What is this, you say? Well, one can naturally tensor algebras: given algebras $(A,m_A)$ and $(B,m_B)$, one declares that $(A,m_A)\otimes (B,m_B) = \bigl(A\otimes B, (m_A\otimes m_B) \circ (1\otimes \mathrm{flip} \otimes 1)\bigr)$. Given any algebra $A = (A,m)$, a left $A$-module is a vector space $V$ and a map $m : A\otimes V \to V$, such that $m\circ (1\otimes m) = m\circ (m\otimes 1)$ as maps $A\otimes A \otimes V \to V$. There is an obvious notion of homomorphism of left $A$-modules, and $A\text{-Mod}$ is the category of all left $A$-modules.

So, you say, we have a class of objects, and between any two objects $A$ and $B$ a category declared to be $\hom(A,B)$. That's not enough to define a 2-category!
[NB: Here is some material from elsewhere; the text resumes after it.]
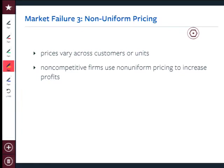Different classes of consumers sometimes pay different prices. Student discounts — do you still get student discounts anywhere? Movie theaters? Cheap movies, that's good. Based on an observable characteristic, I don't get a discount, but you because you're a student you get a discount. My mom is very proud she now gets a senior discount when she rides a bus. So the point is there are different ways of charging different individuals different prices.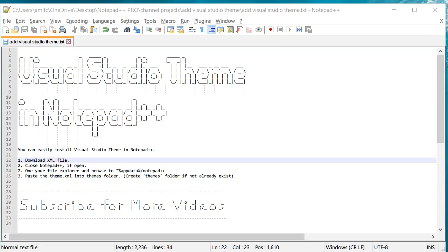Welcome to another Notepad++ tip. In this video, we will learn how you can add Visual Studio theme in Notepad++. Now, Notepad++ does not come with this theme already installed, so we will have to install it, but the installation process is very easy.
How do you compose 1-morphisms? This is a fair question, and I have a fair answer. Given $V \in \hom(A,B)$ and $W \in \hom(B,C)$, their composition $V\circ W = V\underset B \otimes W$ is defined as the quotient of $V \otimes W$ by the subspace spanned by elements of the form $m(v,b) \otimes w - v\otimes m(b,w)$ for $v\in V$, $w\in W$, and $b\in B$. Ah, you say, this is a good definition, and checking the rest is a reasonable exercise.

Looking over the construction, we see that we started with a symmetric monoidal 1-category $\text{Vect}$, and produced a symmetric monoidal 2-category $\text{Alg}$. It is very reasonable to try to repeat the trick. Notions like "associative algebra" and "module" make sense in any monoidal category. By definition, a sesquialgebra is an associative (and unital) algebra object in $\text{Alg}$. (The name "sesquialgebra" is from Tang, Weinstein, and Zhu, 2005. I believe the same definition was also found, independently and around the same time, by Douglas and Henriques, under the name "2-ring". It is quite likely that it has appeared many other times as well.) To unpack the definition a bit, a sesquialgebra is an algebra $A$, and a left $(A\otimes A \otimes A^{\mathrm{op}})$-module $M$, and also a module isomorphism $\alpha : M \underset{A \otimes A}\otimes (1 \otimes M) \cong M \underset{A \otimes A}\otimes (M\otimes 1)$, where here $1$ denotes $A$ as an $(A\otimes A^{\mathrm{op}})$-module and I'll let you work out which actions are tensored with which. The isomorphism $\alpha$ must satisfy a "pentagon" equation that you may look up. A left sesquimodule for a sesquialgebra $(A,M)$ is an algebra $V$ and a $(A\otimes V \otimes V^{\mathrm{op}})$-module $M$ and an isomorphism $\alpha$ satisfying the appropriate pentagon. Given a sesquialgebra $A$, there is a coopposite sesquialgebra $A^{\mathrm{coop}}$ which equals $A$ as an algebra, but with the actions of the module $M$ permuted. Examples of sesquialgebras include commutative algebras, Hopf algebras, and $A\otimes A^{\mathrm{op}}$ for any algebra $A$.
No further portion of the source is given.